Мать каждый день, расслабившись, сидела в кресле, крутя кубик Рубика, который я привезла ей из дома. Она так часто спрашивала меня о своем пальце, что я в конце концов привезла и его. Как-то вечером я вымыла его под краном, принуждая себя держать ее потерянную часть в ладони, и отскребла засохшие кровавые пятна. Я принесла его в банке, погруженным в спирт, чтобы избежать гниения. Я получила разрешение держать его в палате, но только при условии, если напишу на банке «Не выбрасывать».
По вечерам я по телефону отчитывалась перед Кэт и Хэпзибой об успехах в лечении, разогревала в буфетной консервированные супы и прислушивалась к бесконечному внутреннему монологу вины и печали в своей душе. Стоило мне подумать об Уите, как меня охватывало страстное желание оказаться с ним, но я уже не знала, любовь это или необходимость в утешении.
Несмотря на это, я все еще не могла позволить себе быть с ним. Казалось извращением – заниматься любовью, учитывая незажившую рану Хью, нашу общую боль. Несомненно, это было нелогично, однако я чувствовала, что воздерживаюсь из уважения к своему усопшему браку.

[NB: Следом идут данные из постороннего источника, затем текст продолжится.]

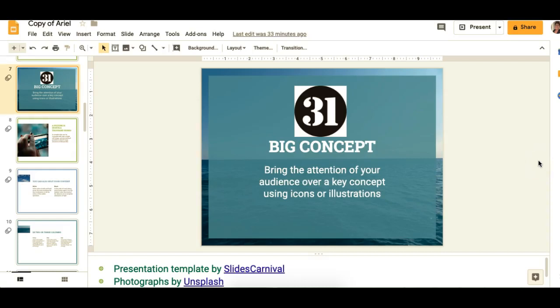Hi everybody, it's Kathy Kiyo with Google Minute. Today I'm going to show you how to add audio clips — yes, audio clips — to your Google Slides.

Когда мы покидали больницу сегодня днем, мать выглядела взволнованной. Внутри взятой напрокат машины она надела противосолнечный козырек, провела гребнем по седым волосам, а потом и совсем удивила меня, накрасив себе губы старой огненно-красной помадой. Это было признаком такой совершенной нормальности, что я даже улыбнулась.
– Прекрасно выглядишь, – сказала я, на мгновение испугавшись, что в ответ она может стереть помаду, но она лишь улыбнулась мне.
Паром был битком набит туристами; даже стоячих мест не оставалось. Мать судорожно сжимала банку с пальцем, как ребенок, несущий домой золотую рыбку из магазина. Завернув банку в бумажное полотенце, я надела на нее аптечную резинку, но все равно несколько пассажиров с любопытством на нее поглядывали.
Когда мы подплывали, я увидела растянувшиеся цепочкой вдоль юго-восточного побережья острова креветочные траулеры.
– Сегодня День святой Сенары, – сказала я матери.
– Думаешь, я не знаю? – оборвала она меня.
Она не ходила на праздники с тех пор, как погиб отец. Точно так же, как и на девичники, она просто с корнем вырвала их из своей жизни. Однако в данном случае ее поведение искренне озадачило меня. В конце концов, Сенара была ее святой.
Кэт встретила нас у причала, благоухая лавандовой туалетной водой. Без Бенни, одна Кэт. Она поцеловала мать в щеку.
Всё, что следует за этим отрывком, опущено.